In the book, the author charts the trials and tribulations of his hero, Desmond, as he struggles to survive within his academic environment, family, and his wife’s social groups. There are many laugh-out-loud moments, but one passage attracted my attention.

In Chapter 6, Desmond contemplates the effects of deafness on the artist Goya and composer Beethoven. He wonders whether Goya, an artist whose primary sense requirement would be vision, was less impacted than Beethoven, whose primary sense requirement would have been aural. I’ve long known about Beethoven’s affliction and how, despite deafness, he produced many great musical compositions, but I was unaware of Goya’s hearing impairment and dug a little deeper. Here is the passage in Deaf Sentence that stimulated me to do so and follows Desmond’s musings about Goya’s so-called Black Paintings, murals originally painted on the walls of his house.

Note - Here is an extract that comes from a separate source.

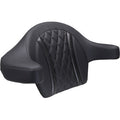 MUSTANG Deluxe Extended Arm Wrap-around Backrest - Diamond - Gunmetal Stitch - FLT/FLH '23-'25 88430GM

Now they’re in the Prado, Saturn Devouring His Children, The Witches’ Sabbath, Fight With Clubs and the rest, predominantly black in pigment as well as subject matter. But the one that always has the most spectators lingering in front of it, intrigued and puzzled, is lighter in colour tone than the others. It’s known as the Dog Overwhelmed by Sand (none of these titles was Goya’s). It might be a modern Abstract Expressionist painting, composed of three great planes of predominantly brownish colour, two vertical and one horizontal, if it wasn’t for the head of a little black dog at the bottom of the picture, painted almost in cartoon style, buried up to its neck in what might be sand, looking upwards pathetically and apprehensively at a descending mass of more of the same stuff. There are lots of theories about what the picture means, like the End of the Enlightenment, or the Advent of Modernity, but I know what it means to me: it’s an image of deafness, deafness pictured as an imminent, inevitable, inexorable suffocation…

The Dog, detail

That last sentence hit a nerve. I have, at times, felt despair, isolation, frustration, and even anger at my hearing impairment. There are times, usually in a social environment, when I struggle with my loss of one of the top five human senses and the minute I found an image of this painting, I too was struck by the expression on the dog’s face. We can only guess at Goya’s intention when he painted this image on one of the walls in his house, Quinta del Sordo (Villa of the Deaf Man) circa 1820, but many have pointed out that the dog appears to be in distress. David Lodge’s interpretation is plausible and, for me, very relatable.

Edvard Munch, The Scream

The Scream
Edvard Munch, 1893
National Gallery, Oslo

Finally, back to Munch’s The Scream, which is undoubtedly one of the world’s most well-known paintings. I cannot recall the first time I saw this painting. I know it was in an art book and was probably when I was in my early twenties, but the appeal was instant: the expression of terror as seen in the gaping mouth and slight sideways direction of the eyes on the face of the ‘screamer’ in the foreground, his (I assume he’s male) hands cupping his gaunt-looking head and body slightly twisted as he senses the approaching presence of the two possibly menacing figures behind him on the bridge. The foreground scene is set off by a background of an intense red and orange sky and dark, turbulent swirling water beneath the bridge. I’m no art critic, but the diagonal composition of the picture appealed to my sense of layout and composition. When you look at the painting, your eyes are first drawn to the figure in the foreground, and then they track back along the bridge to the two people behind him. Then, as it were, they widen out to take in the sky and water.

And here’s the conundrum. My comments above are based on what I observe and my feelings about how the observations build up in layers until I encompass the total image. But, this analysis is subjective. I know people who have an intense dislike for this painting. The instant element of horror causes an adverse reaction, and no amount of persuasion will convince them to see the artistry rather than react to their first impression.

The Scream in the movies
Ghostface in the Scream film franchise
Macaulay Culkin in Home Alone

There you have it. Three paintings I like, where I came across them, and why I like them. Now you know why they are hanging on the wall of my study.